Es una tendencia creciente en muchos países. Cuando una persona vive sola, el acceso a vecinos y redes comunitarias se vuelve aún más importante. Puede significar compañía, ayuda cotidiana o simplemente la posibilidad de sentirse conectado con otras personas. En muchos casos, estas redes informales son clave para mantener una buena calidad de vida en la vejez.

- Su investigación utiliza metodologías participativas. ¿Cómo funcionan y por qué son relevantes?

En nuestro trabajo, las personas mayores no son solo participantes, sino también co-investigadoras. Las capacitamos para que investiguen junto a nosotros y conversen con otras personas mayores sobre sus necesidades. Esto nos permite acceder a voces que normalmente no aparecen en la investigación, especialmente de personas más aisladas o que han sido excluidas por razones sociales, económicas o culturales.

- ¿De qué manera estos métodos influyen en las políticas públicas?

Nuestro grupo trabaja directamente con responsables de políticas públicas de la ciudad de Manchester y del gobierno regional. Nos reunimos regularmente y compartimos los resultados de la investigación. Las historias y experiencias de las personas mayores, recogidas a través de métodos participativos, suelen ser muy poderosas para influir en decisiones políticas, porque conectan a los responsables públicos con realidades concretas.

- Actualmente investigan procesos de regeneración urbana en Manchester. ¿Qué riesgos identifican en estos proyectos?

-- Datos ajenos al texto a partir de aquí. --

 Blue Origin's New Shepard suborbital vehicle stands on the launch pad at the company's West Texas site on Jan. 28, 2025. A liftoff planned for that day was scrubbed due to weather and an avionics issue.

En Manchester existe un gran proyecto de regeneración urbana que incluye la construcción de miles de viviendas y nuevos parques. El riesgo es que estos desarrollos se orienten principalmente a nuevos residentes con mayores recursos, como jóvenes profesionales, y que las personas mayores que han vivido allí durante décadas terminen siendo desplazadas. Por eso trabajamos con residentes mayores para documentar sus historias y destacar qué elementos del barrio —como mercados, parques o espacios de encuentro— son fundamentales para su vida cotidiana.

- A pesar de las diferencias entre países como Chile y el Reino Unido, ¿qué desafíos comparten respecto al envejecimiento urbano?

Uno de los principales desafíos es que las ciudades no están siendo diseñadas pensando en el envejecimiento de la población, a pesar de que este fenómeno avanza rápidamente en todo el mundo. Además, las personas mayores suelen ser las más afectadas por crisis como el cambio climático, las olas de calor o eventos extremos. Por eso es fundamental que la planificación urbana incorpore la perspectiva de la edad.

La ciudad y el derecho a envejecer dignamente

Para Buffel, pensar en una ciudad amigable con las personas mayores implica ir mucho más allá de los servicios de salud. También significa considerar el diseño de los espacios públicos, la accesibilidad de los edificios, la calidad de la vivienda, el transporte público y la existencia de centros comunitarios y oportunidades de participación social y cultural.

“La vejez digna es una combinación de factores físicos, sociales y ambientales”, explica. “Las ciudades deben ofrecer espacios donde las personas puedan encontrarse, participar y sentirse parte de la comunidad”.

Sin embargo, la investigadora advierte que existen tensiones estructurales que dificultan este objetivo. Según señala, el creciente peso de los intereses privados en el desarrollo urbano ha reducido el espacio de intervención de las políticas públicas y ha impulsado la privatización de muchos espacios urbanos.

A pesar de ello, Buffel sostiene que aún existen oportunidades para avanzar. “Incluso en este contexto, es posible trabajar con comunidades, investigadores y autoridades para mantener la idea de ciudades amigables con la edad en la agenda pública”, afirma.

Considerando que en muchos países más de tres cuartos de la población vive en áreas urbanas, la investigadora concluye que el desafío es urgente: diseñar ciudades que no solo permitan vivir más años, sino vivirlos mejor. Porque, como plantea, el futuro urbano del mundo será también el futuro de sociedades cada vez más longevas.